== Segment start ==
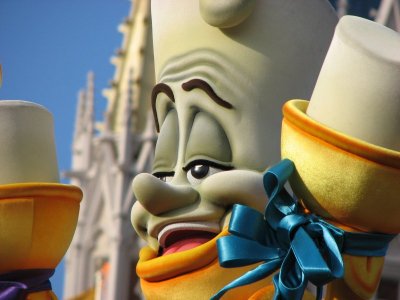 Lumiere Closeup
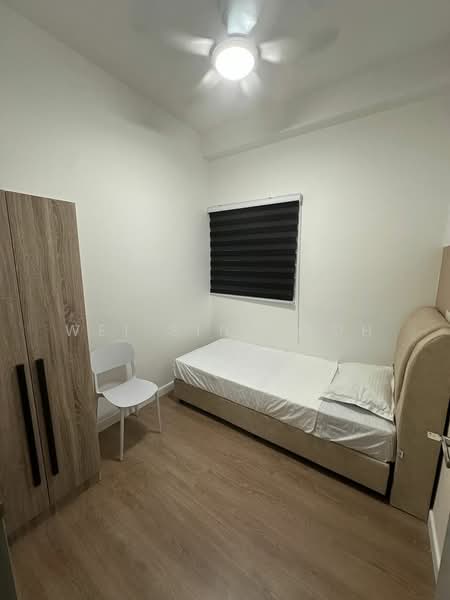Kondominium untuk Disewa di Skyline KL - Alex Goh - Bedroom - PropertyGuru.com.my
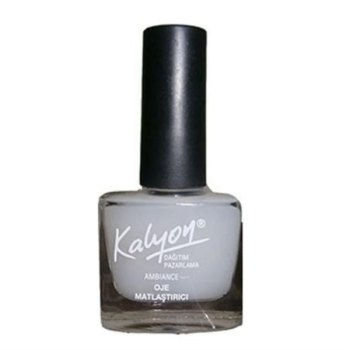 Kalyon Oje Matlastırıcı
== Segment end ==
▸ **WORK ITEM**: The result should be the same data as above, line for line, with the pictures gone.

▸ **ANSWER TO THIS TASK**:
 Lumiere Closeup
Kondominium untuk Disewa di Skyline KL - Alex Goh - Bedroom - PropertyGuru.com.my
 Kalyon Oje Matlastırıcı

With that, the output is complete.